今回の製品は、ヤマト運輸㈱の「複数の複写式配送伝票を一体化した配送伝票」(複数口伝票)で2023年10月より採用されている。同伝票は、同一の配送先に複数の荷物を届ける際に使用するもの。DNPは複数口伝票の送り状の記入面に使われているプラスチックシートを紙に切り替えることで、サプライチェーン全体での温室効果ガス(GHG)排出量(Scope1~3)(CO2換算)を現行品から約40%削減した(※1)。

(左)複数口伝票のイメージ、(右)1つづりの複数口伝票を分けて、複数の荷物に貼り付けることができる。

デジタルネットワークの進展とスマートフォン等の情報端末の普及に加え、コロナ禍での外出制限等を経てオンラインショッピングが定着し、配送量の増加が続いている。国土交通省が発表した「令和4年度 宅配便・メール便取扱実績」によると、宅配便取扱個数は50億588万個で、前年度から約1.1%、約5,265万個増加している(※2)。

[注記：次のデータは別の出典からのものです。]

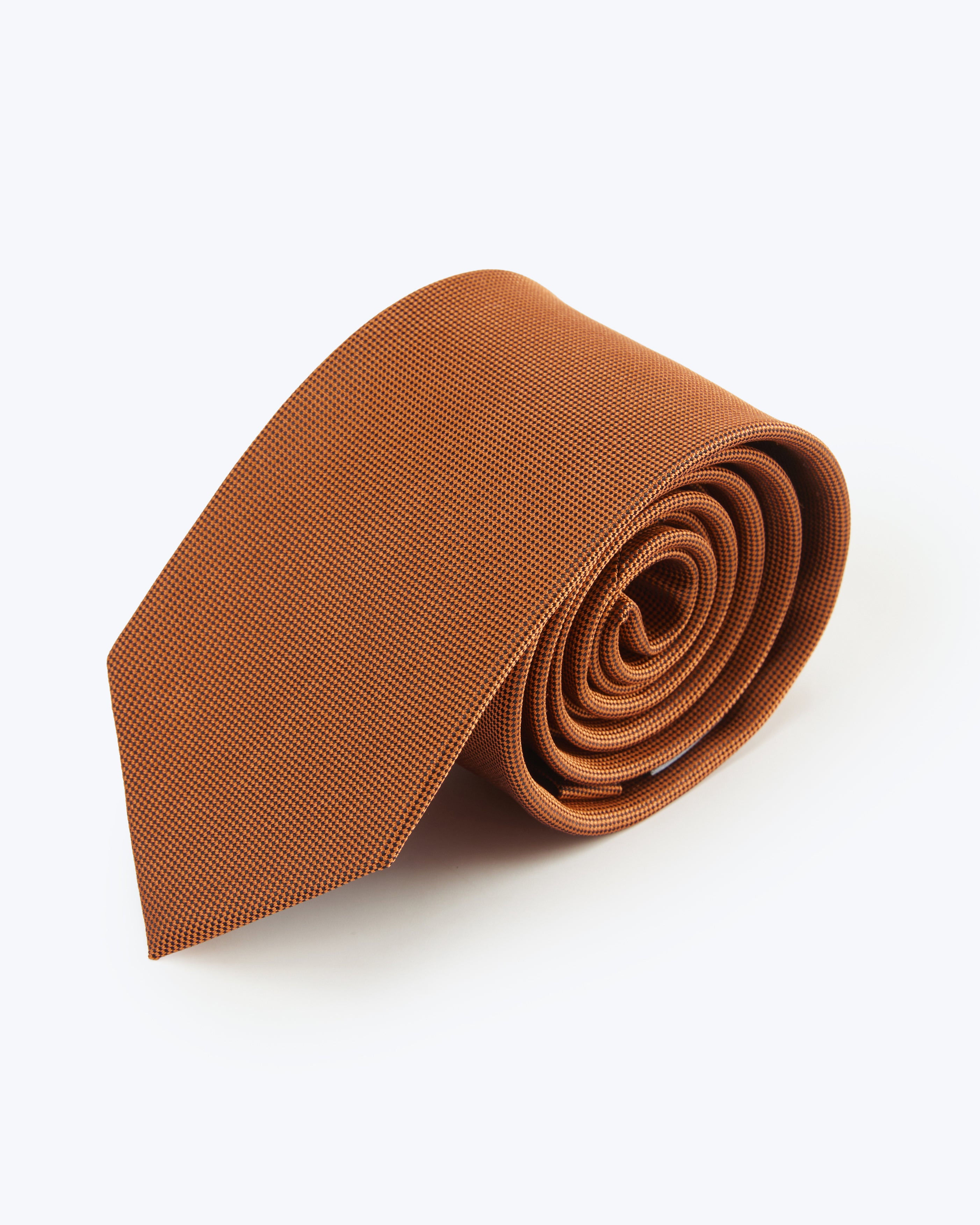 Twill Silk Tie - Cinnamon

それに応じて、荷物に貼付する配送伝票の数量も増加している。その一種である複数口伝票は、2個口以上を発送する場合に使用されている伝票で、送り先ごとに接着されており、剥がす際の破れを防ぐために、従来はプラスチックシートが使用されていた。GHG排出量の削減に向け、DNPは今回、プラスチックシートを強度の高い紙に切り替えることで、環境に配慮した複数口伝票の開発に成功した。

●環境配慮した配送伝票の特長
①複数口伝票の送り状に使用されてきたプラスチックシートを耐水性の高い紙に切り替えた。それによって、現行品と比較して、サプライチェーン全体でのGHG排出量(Scope1~3)を約40%削減する。

②複数枚の送り状が接着されている複数口伝票について、プラスチックシートよりも強度が不足している紙を使用する場合、同じ厚さ等の材料構成では送り状を剥がす際に破れるという課題があった。その課題に対してDNPは、紙や接着剤の種類等の材料構成を最適化するほか、製造工程を見直すことで、現行品と同等の品質を有し、かつ環境に配慮した製品を実現した。